■ **Problem description**
Output only the lines below from the one holding "In recent years, advancements" down to the one holding "In front of", both end lines included and every picture dropped.

■ **Material shown**
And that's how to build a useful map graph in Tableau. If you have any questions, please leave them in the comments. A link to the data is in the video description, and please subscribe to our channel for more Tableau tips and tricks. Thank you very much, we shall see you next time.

---

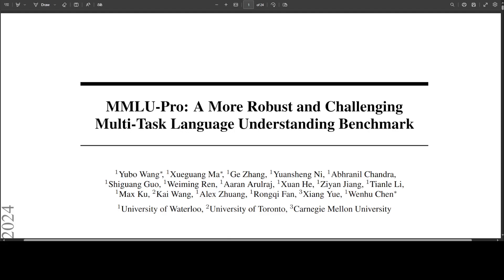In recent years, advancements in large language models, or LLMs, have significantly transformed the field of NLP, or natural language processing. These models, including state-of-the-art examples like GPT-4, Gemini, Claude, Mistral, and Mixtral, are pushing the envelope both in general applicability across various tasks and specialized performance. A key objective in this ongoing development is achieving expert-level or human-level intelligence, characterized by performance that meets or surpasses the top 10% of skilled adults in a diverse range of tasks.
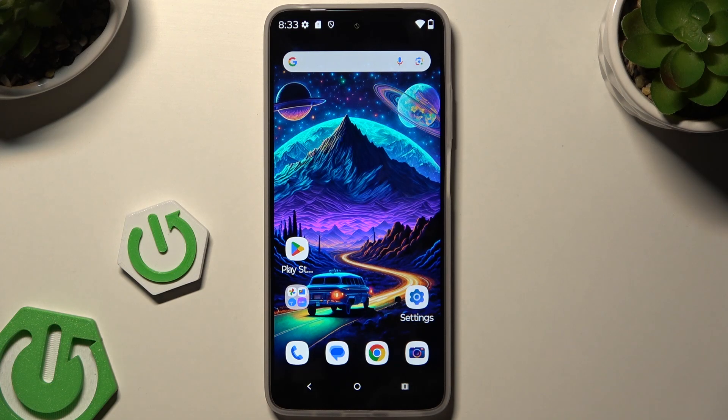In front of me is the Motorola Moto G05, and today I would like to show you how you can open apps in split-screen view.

■ **Your response**
In recent years, advancements in large language models, or LLMs, have significantly transformed the field of NLP, or natural language processing. These models, including state-of-the-art examples like GPT-4, Gemini, Claude, Mistral, and Mixtral, are pushing the envelope both in general applicability across various tasks and specialized performance. A key objective in this ongoing development is achieving expert-level or human-level intelligence, characterized by performance that meets or surpasses the top 10% of skilled adults in a diverse range of tasks.
In front of me is the Motorola Moto G05, and today I would like to show you how you can open apps in split-screen view.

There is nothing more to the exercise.